In its suit, the U.S. alleged that New Castle County and DelDOT failed to obtain a required Clean Water Act permit for their storm sewer systems. In the settlement, the defendants agreed to pay a $275,000 penalty and comply with the permit issued by the Delaware Department of Natural Resources and Environmental Control on May 1. The permit requires them to carry out a storm water management program to reduce contaminated runoff.
"Uncontrolled storm water runoff from urban and rural areas poses a serious environmental threat to our waterways. The ultimate goal of this settlement is to protect and improve Delaware waterways," said Donald S. Welsh, regional administrator for EPA's mid-Atlantic Region.
Storm water runoff from urban, residential, and agricultural areas is often contaminated by pollutants such as oil, grease, chemicals and nutrients. Uncontrolled storm water runoff is a major cause of water pollution in Delaware and throughout the country.
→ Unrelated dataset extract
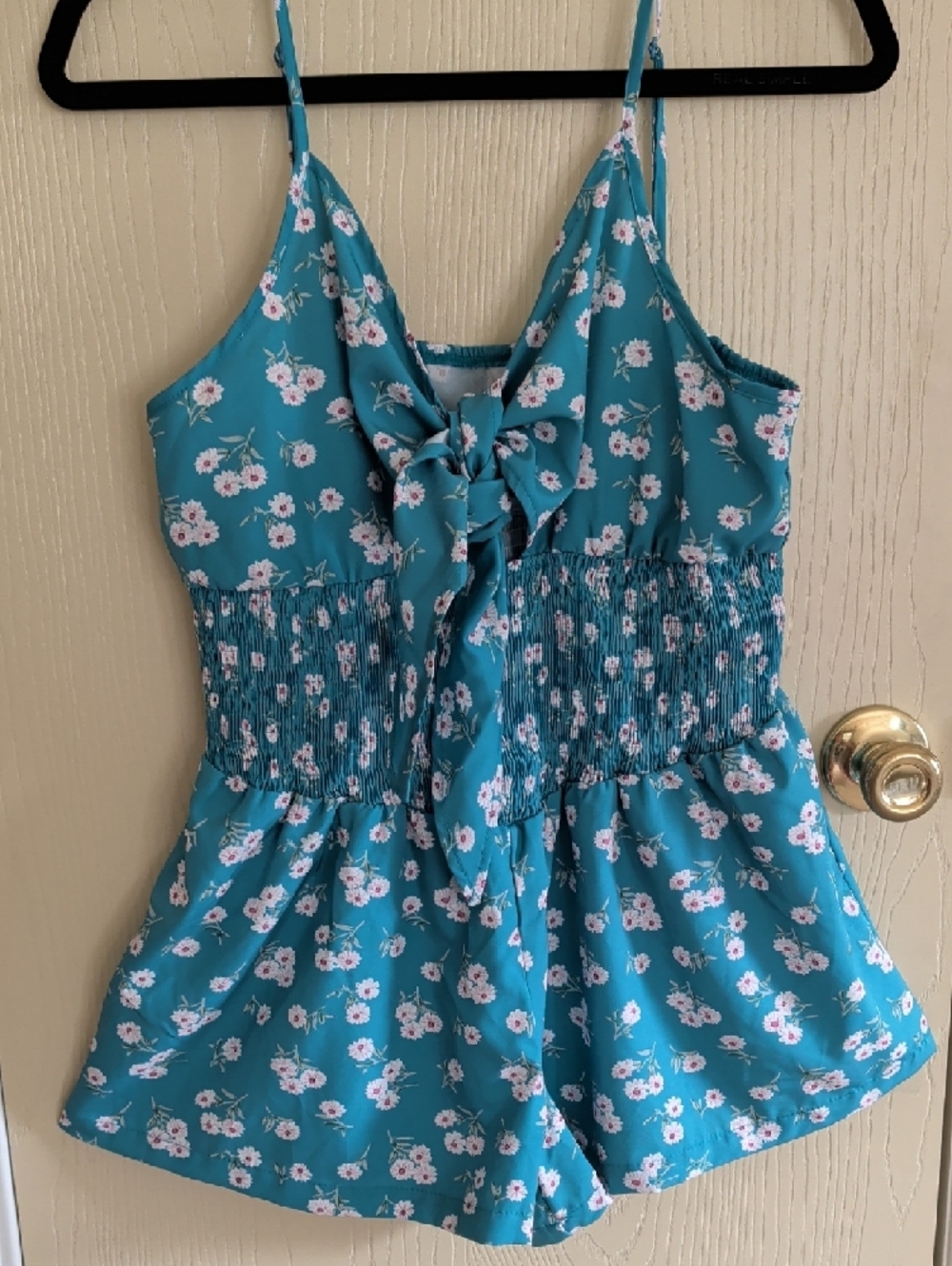Shein Peek-a-Boo Tie-Front Romper - Teal/Daisy Floral - Size L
As part of the settlement, the defendants have also committed to two special environmental projects costing an estimated $500,000 each. One project will reduce polluted storm water runoff from portions of Interstate 95. The other project will hook up failing septic systems to the county's sanitary sewer system.
The proposed consent decree is subject to a 30-day public comment period and final court approval. The defendants neither admitted nor denied liability as part of the settlement.